Sunday, September 1, 2013

Spain’s ‘universal’ obligation to pursue Cuban dissident’s death

Spain's 'universal' obligation to pursue Cuban dissident's death
By Editorial Board, Sunday, September 1, 12:36 AM

THE MYSTERIOUS car wreck that took the life of Cuban dissident Oswaldo
Payá and his associate Harold Cepero last year occurred on an isolated
road outside Bayamo, in Cuba's eastern Granma province. Mr. Payáand Mr.
Cepero were heading to Bayamo to meet with members of the Christian
Liberation Movement in a blue 2010 Hyundai Accent, a rental car driven
by a young Spanish politician, Ángel Carromero, who was visiting Cuba to
support Mr. Payá and his movement. Mr. Carromero survived, as did Jens
Aron Modig, of Sweden's Christian Democratic Youth movement, who had
joined him on the trip to Cuba.

The official Cuban version of the accident was that Mr. Carromero was
driving too fast, lost control and hit a tree. But a detailed complaint
filed by Mr. Paya's widow, Ofelia Acevedo, and his daughter, Rosa Maria,
before the Spanish National Court earlier this month tells a different
and more ominous story.

They say that when Mr. Carromero and Mr. Modig met in Havana with Mr.
Payá and Mr. Cepero on July 20, 2012, they were monitored and followed
by Cuban security agents. They were followed again when they departed
Havana for Bayamo two days later. On the road, the Hyundai was rammed
from behind "premeditatively, deliberately and following the plan
orchestrated by the authorities," which was to kill all four of them,
the complaint says. Mr. Carromero told us in March that the vehicle that
rammed the Hyundai had government license places. Soon after the crash,
the ramming was reported to a person in Sweden by a text message sent
from Modig's cell phone.

The ramming was not part of the Cuban official version. Mr. Carromero's
"confession" that he was at fault was coerced by the Cuban authorities,
according to the complaint. Two Cuban security agents, identified as
Col. Salinas and Col. Llanes, pressured Mr. Carromero "in a direct,
deliberate and conscious way" to falsify testimony during a subsequent
trial that was a "farce," according to the complaint. Mr. Carromero was
convicted of vehicular homicide; he later was released to serve out his
sentence in Spain. In his comments to us, Mr. Carromero recalled a
nightmarish aftermath of the crash in which he was drugged, interrogated
and forced to make a videotaped confession in which he read words
written out for him by a Cuban security agent.

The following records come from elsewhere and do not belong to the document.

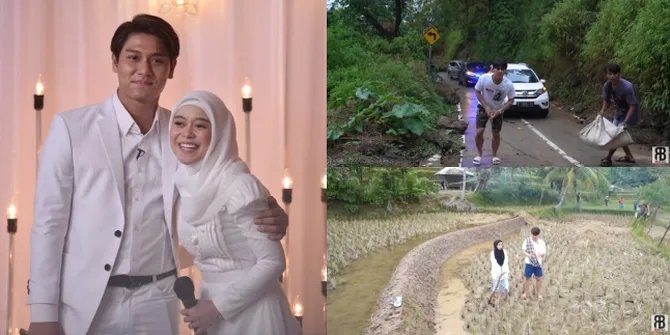 7 Momen Rizky Billar Pertama Kali ke Kampung Halaman Lesti, Kaget Saat Harus Lewati Jalur Terjal - Banyak Belajar Hal Baru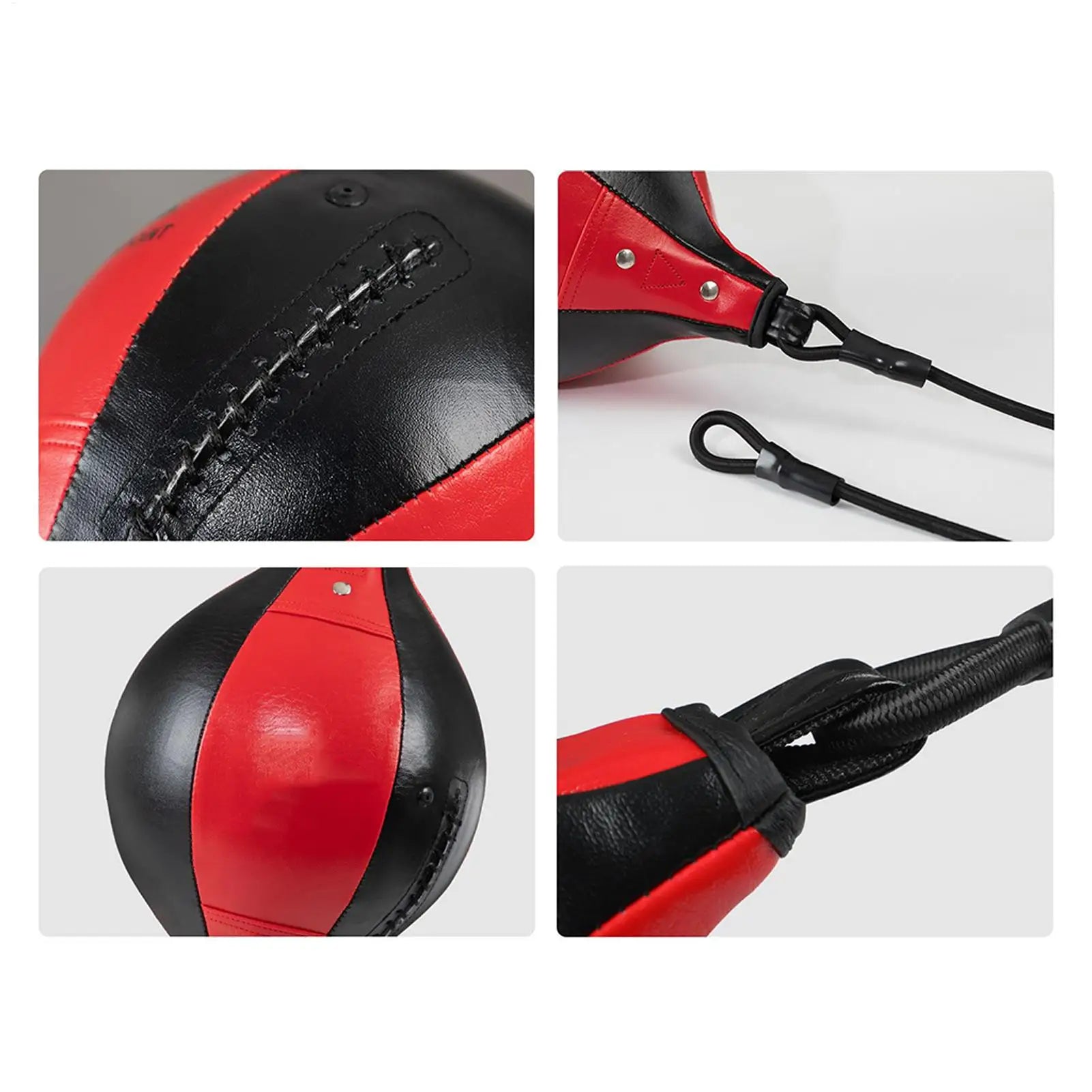 Training Boxing Double End Bag Flexible Punching Ball Hanging Elastic PU Leather Punching Bag for Gym Fitness Boxing Equipment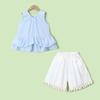 Girl's Ruffle Vest & Shorts Summer Set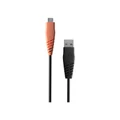 สายชาร์จ Skullcandy Line Round USB-A to Micro USB Cable 1.2m True Black /Orange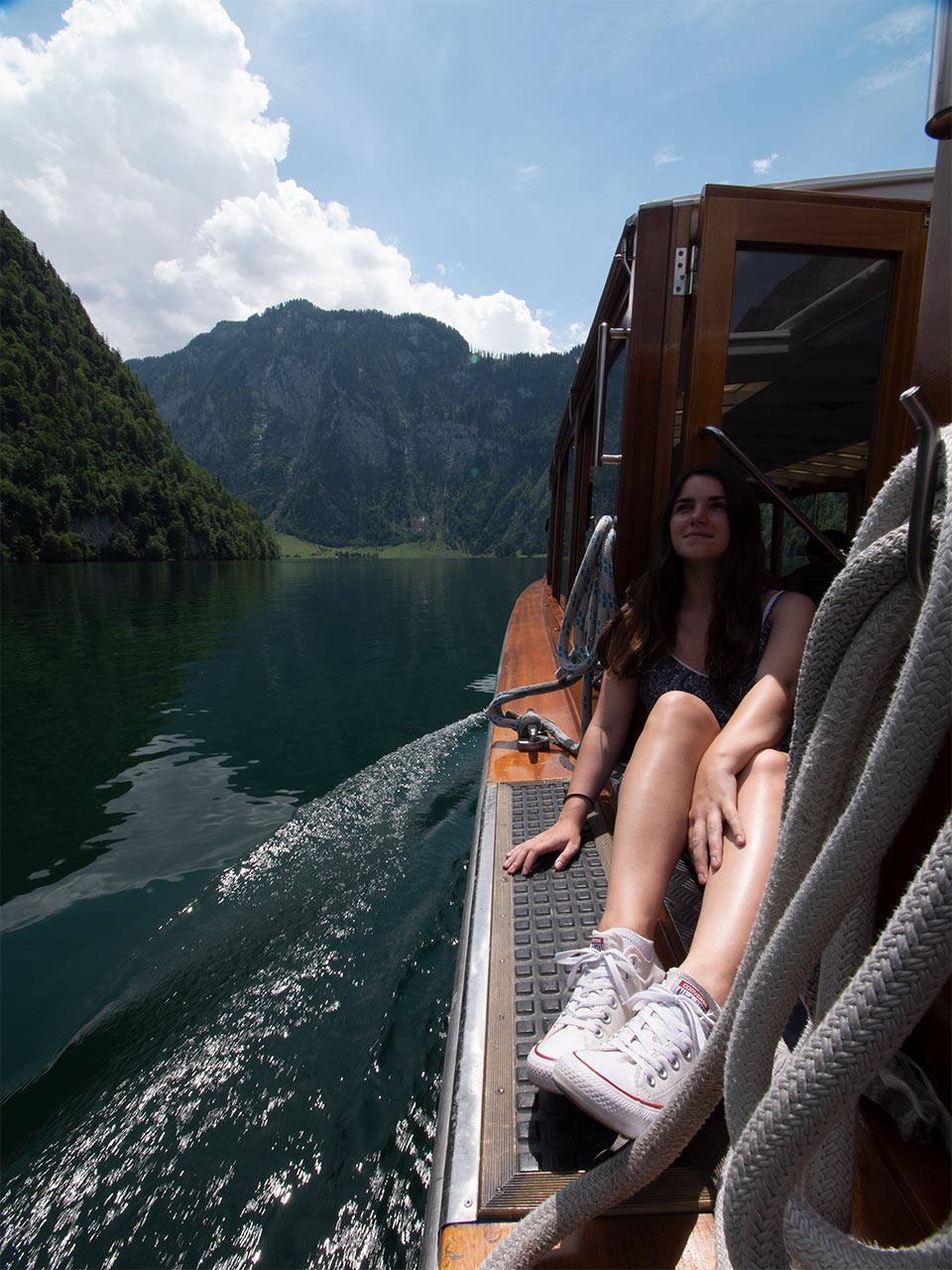 Vakuya Presets: Königssee Obersee Bootsfahrt vorher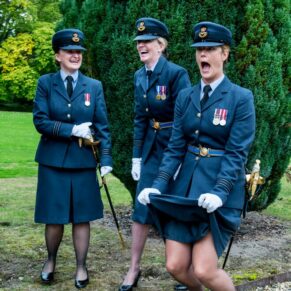 Guest antics at Halton House wedding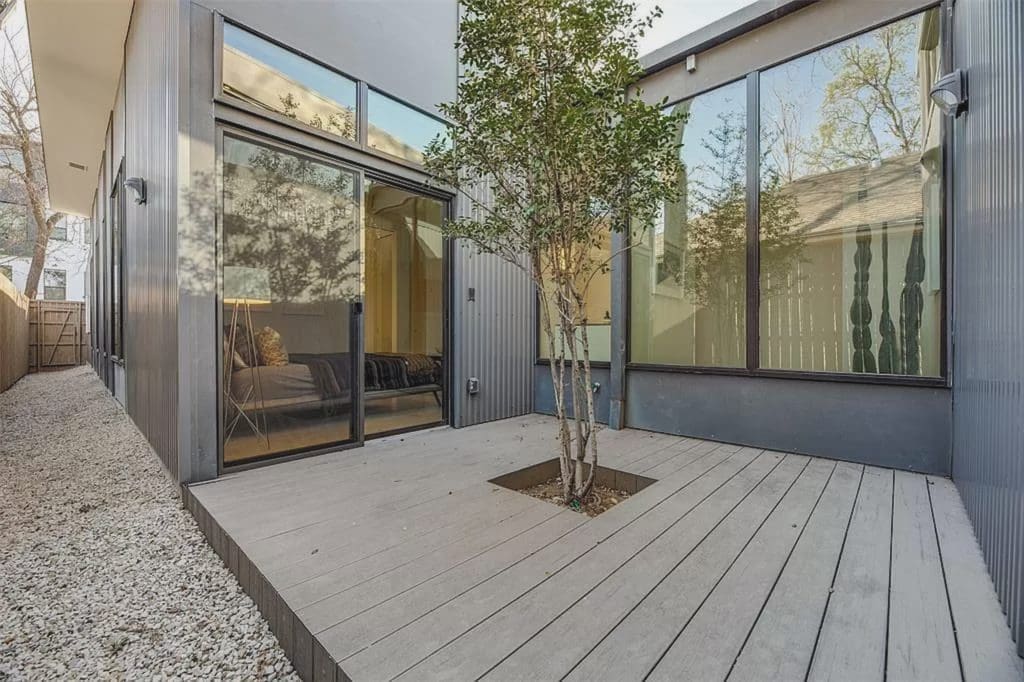 A courtyard deck found just off the master bedroom. 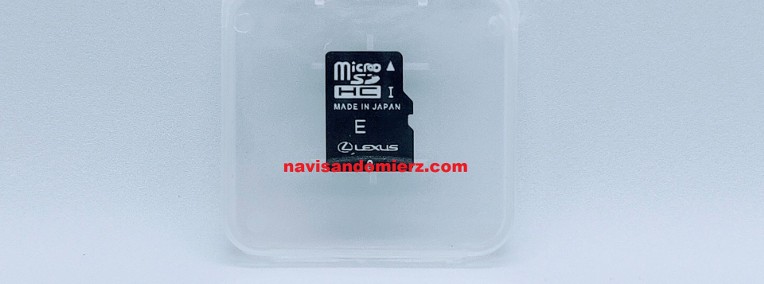 Karta microSD Lexus Premium Gen 8/9-1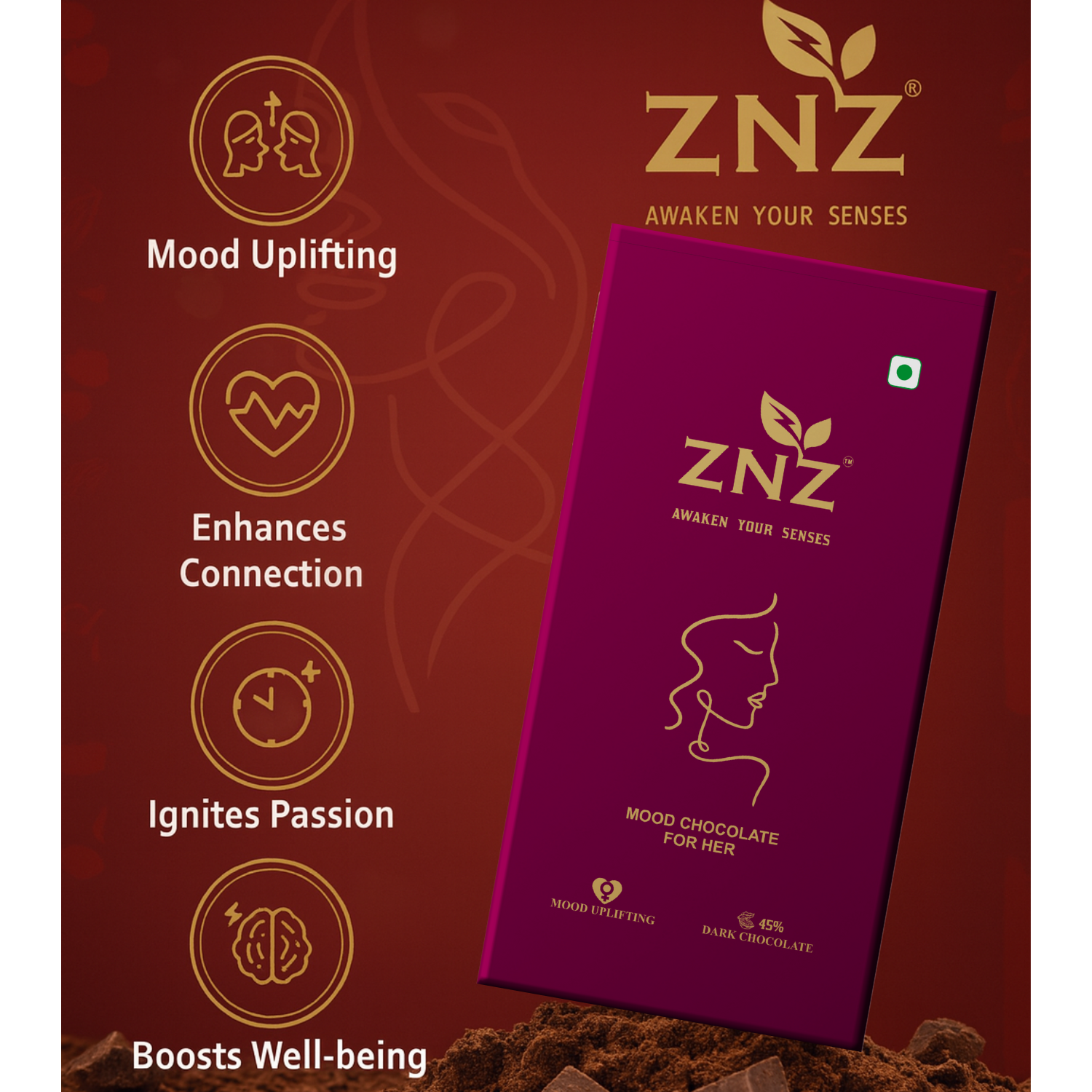 benefits of using znz mood chocolate for women 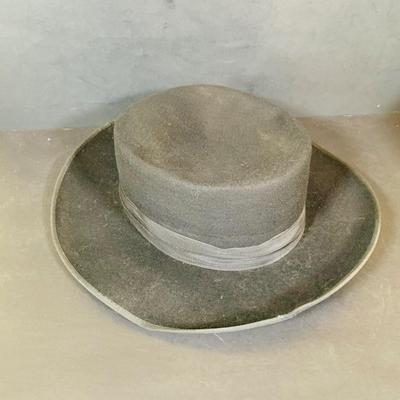 LOT Collection of Vintage Hats - US Navy, Sombrero, Ski Hat and Straw Hat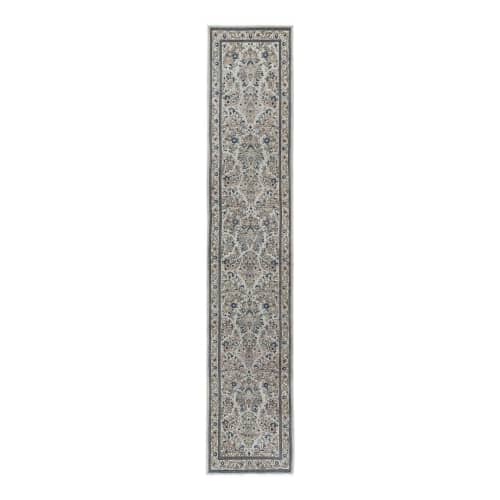 Floral Pattern Rug Runner - Vintage Handwoven Hallway Floor | Runner Rug in Rugs by Vintage Pillows Store. Item composed of wool and fiber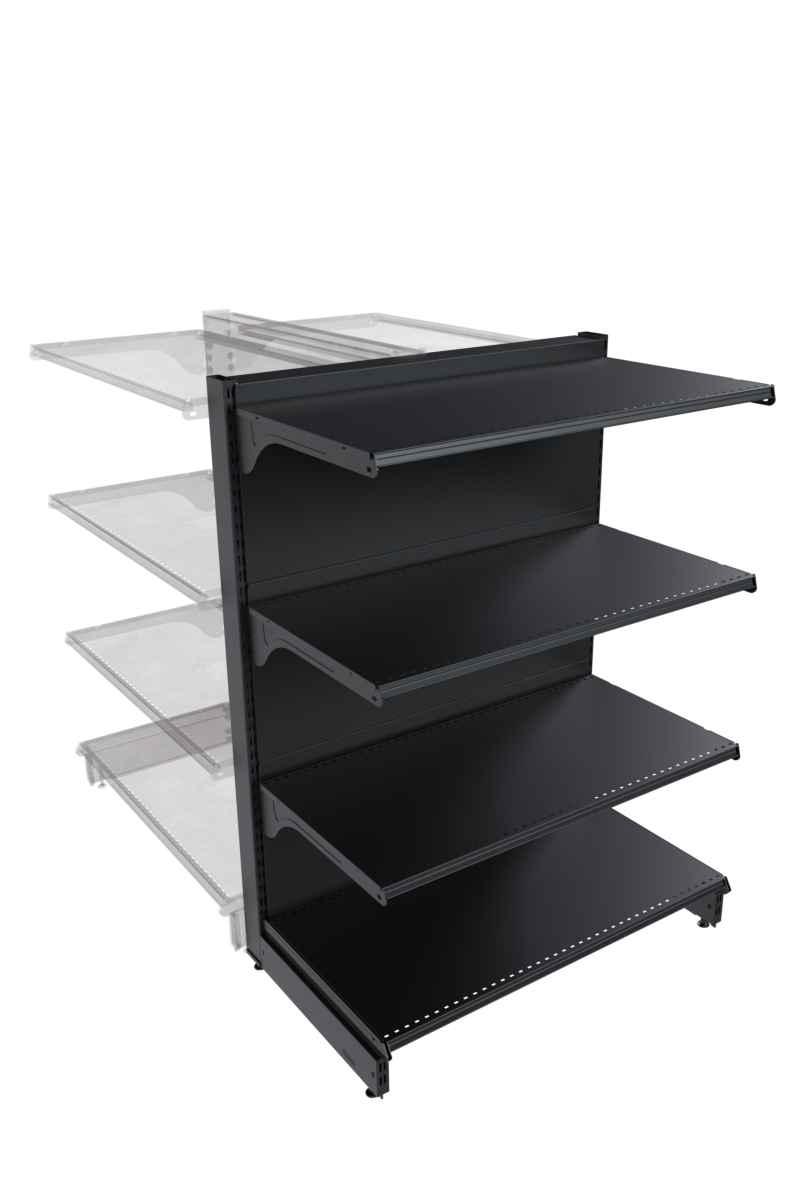 Metal Tek Yönlü Gondol Başı 1430x1000x500 mm Antrasit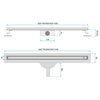 Rea NEOX SLIM PRO ZLATÝ nerezový sprchový žľab 100 cm G5804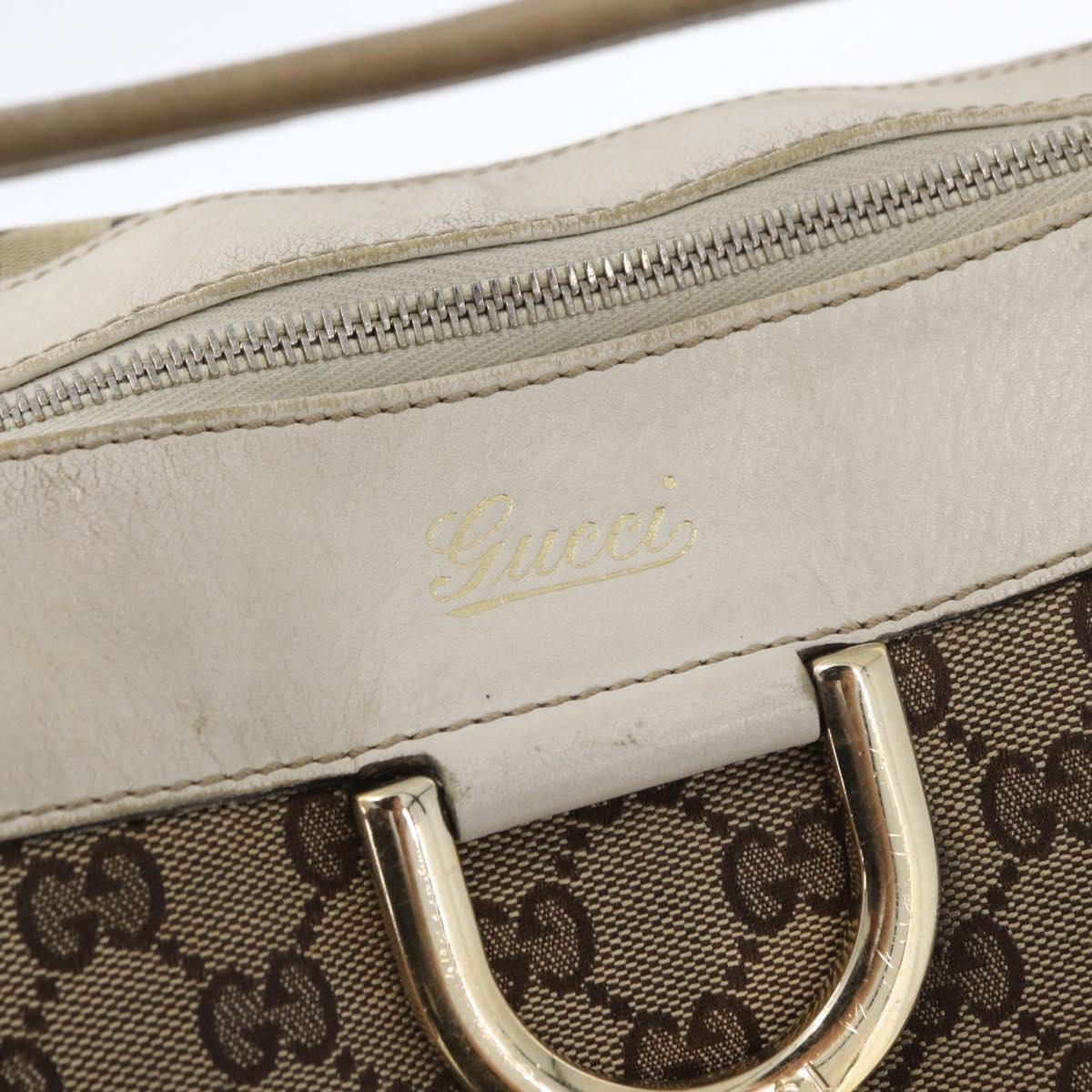 GUCCI GG Canvas Shoulder Bag Beige Gold 189831 Auth ka3136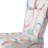 Blue And Brown Circle Pattern - Velvet Upholstered Patterned Accent Side Chair
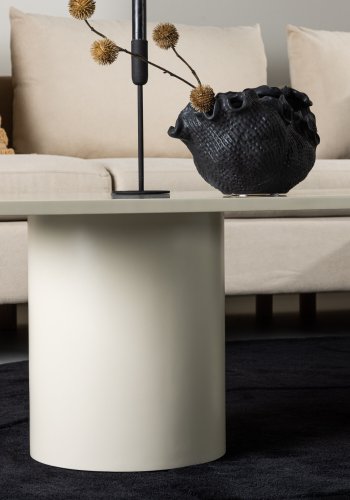 VENTURE DESIGN Sandvika salongbord, rektangulrt - blank beige MDF (120x50)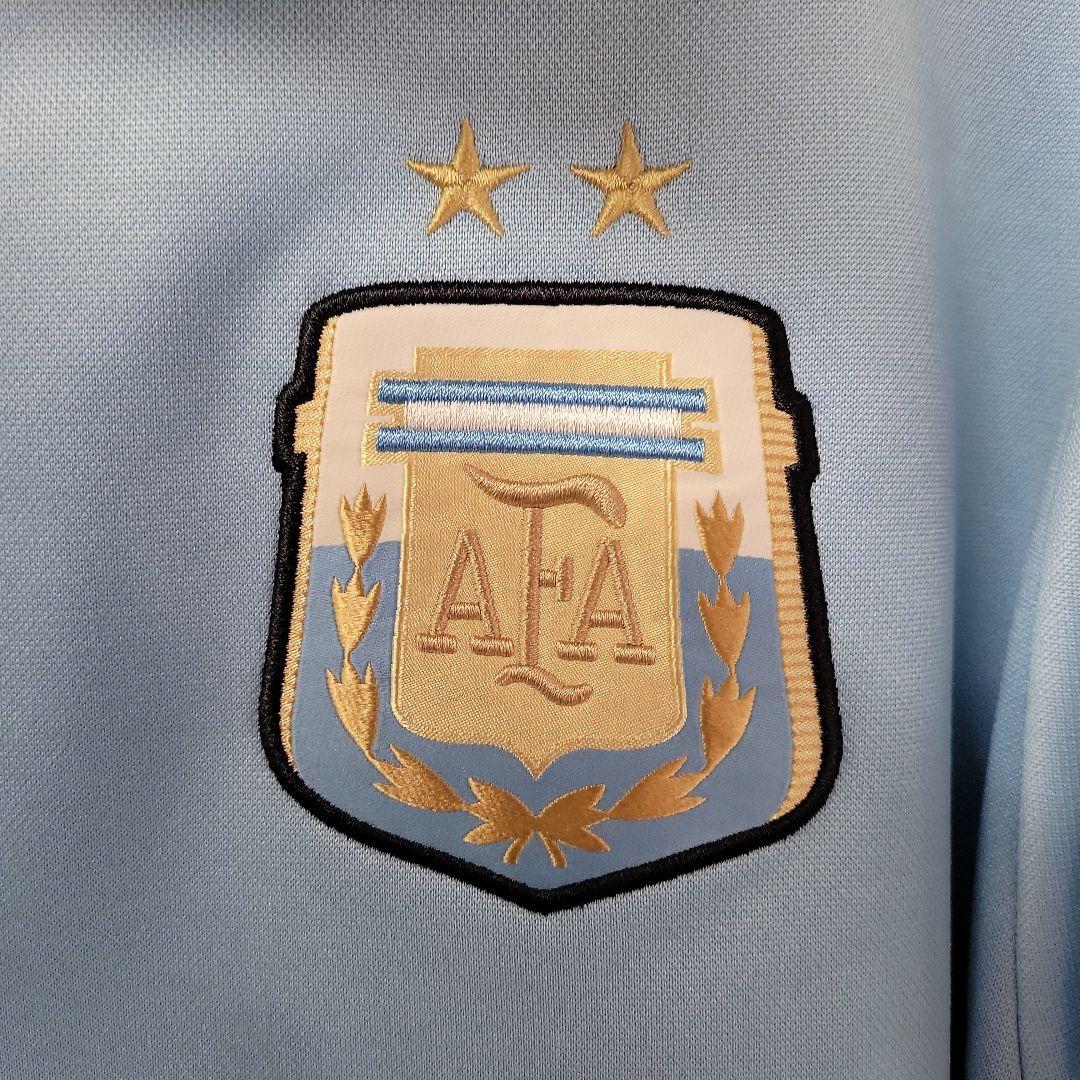 美品 adidas 　アルゼンチン代表ジャージ 水色メッシ　10番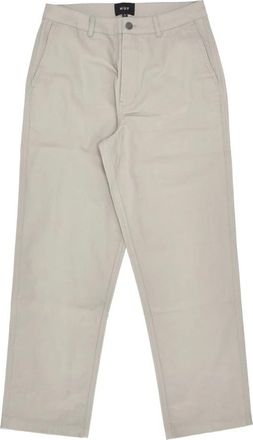 HUF Steen Heren Lange Stoffen Broek - Heren - Straight fit broeken - Grijs - W36 - Katoen - Broeken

The Spanish National Court, La Audiencia Nacional, is empowered to order
investigations abroad under the concept of "universal jurisdiction,"
that some crimes are so egregious they must be pursued across borders,
including genocide and crimes against humanity. Spain has an obligation
to Mr. Payá, who was a Spanish citizen; his family argues the Castro
regime has not only silenced a critic but attempted to wipe out his
movement. The Spanish court ought to order an investigation. It is
unlikely that the thugs who rammed Mr. Payá's car will be called to
account, but an investigation would show the world, and the Castro
brothers who rule Cuba, that a beacon of hope like Mr. Payá cannot be
simply extinguished in a violent car wreck on a lonely road.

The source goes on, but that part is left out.